The Belgian historian François Louis Ganshof turned to contemporary sources to penetrate the rationale of the partition of 843, and we shall follow his example. On the subject of partitions, Nithard had, of course, noted two significant facts: first, that “fertility or equal size of the lands apportioned was not considered so much as the fact that they were adjacent and fitted into the territory already held by each brother”; and second, that “Lothar complained about the fate of his followers, since in the share that had been offered to him he would not have enough to compensate them for what they had lost.” Nithard’s remarks suggest the most satisfactory explanation. The brothers were most concerned about the fate of their followers, for without their help, they could do nothing. 

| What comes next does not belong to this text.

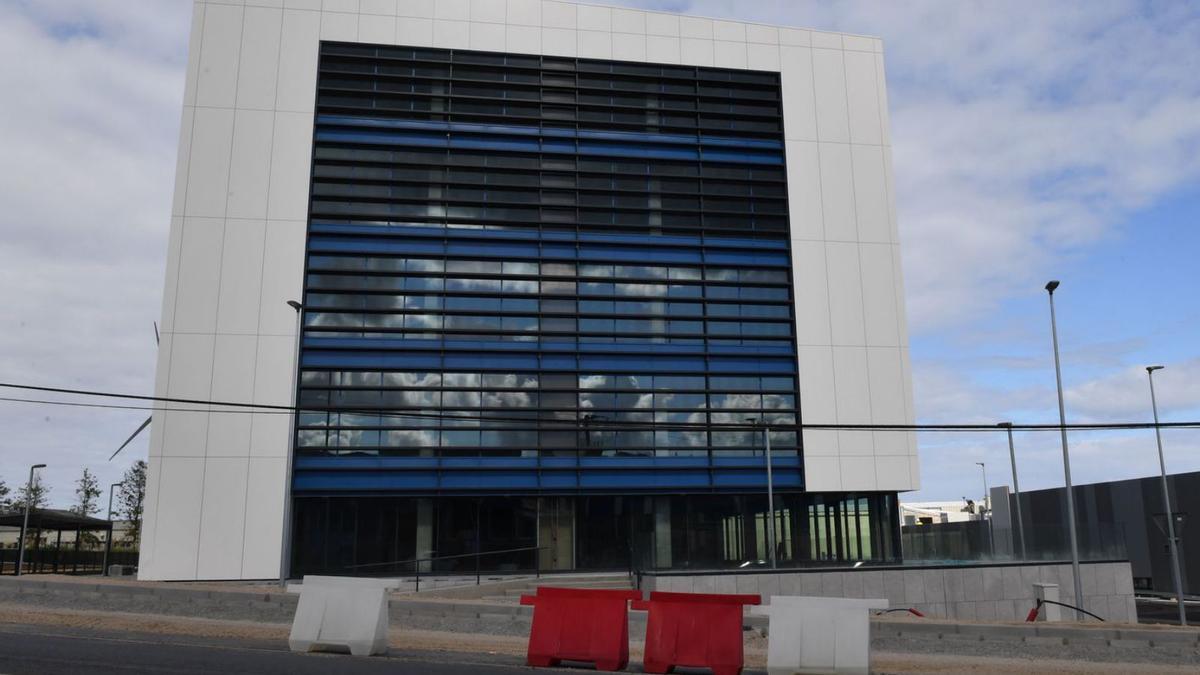 Edificio del complejo de Nexus Sabón en el que se ubicará el vivero de empresas de Arteixo. |   // VÍCTOR ECHAVE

Therefore, they had to keep the benefices of their vassals within their respective kingdoms, since it was recognized that no vassal could pay homage to several lords. To avoid the likelihood of incompatible obligations, Charlemagne had articulated a key principle in his Divisio regnorum of 806: “The followers of each king shall each receive their benefices inside the realm of their master.” Likewise in the Ordinatio imperii of 817, Louis the Pious had instructed that “each vassal should hold his benefices only within the dominion of his lord, and not in that of any other.” This concern explains, for instance, why the border of the western kingdom of Charles the Bald crossed the Saône and took in a part of Burgundy that included the holdings of his vassal Warin, count of Mâcon, Autun, and Chalon and abbot of Flavigny. Louis of Bavaria likewise received a section of the left bank of the Rhine including the bishoprics of Mainz, Worms, and Speyer, not on account of the local vineyards, as a later chronicler would report, but to keep the lands of powerful episcopal vassals inside his kingdom.
Hence, the problems of benefices and fealty weighed heavily in the negotiations that led to the treaty ratified at Verdun. As Fustel de Coulanges pointed out in the nineteenth century, “the partition was not undertaken for the people, but rather for the vassals.” With the help of maps, we can easily see that each brother wanted to maximize the number of his abbeys, bishoprics, and fiscal domains in Francia. The heartland of the empire was home to choice benefices held by great Austrasian families, but there also lay the main state residences that each king strove to retain for his own use, enjoyment, and profit. Each of three brothers was a “king of the Franks.” They reigned jointly over their respective fractions of the “Kingdom of the Franks,” while they separately ruled Aquitaine, Bavaria, and Lombardy. 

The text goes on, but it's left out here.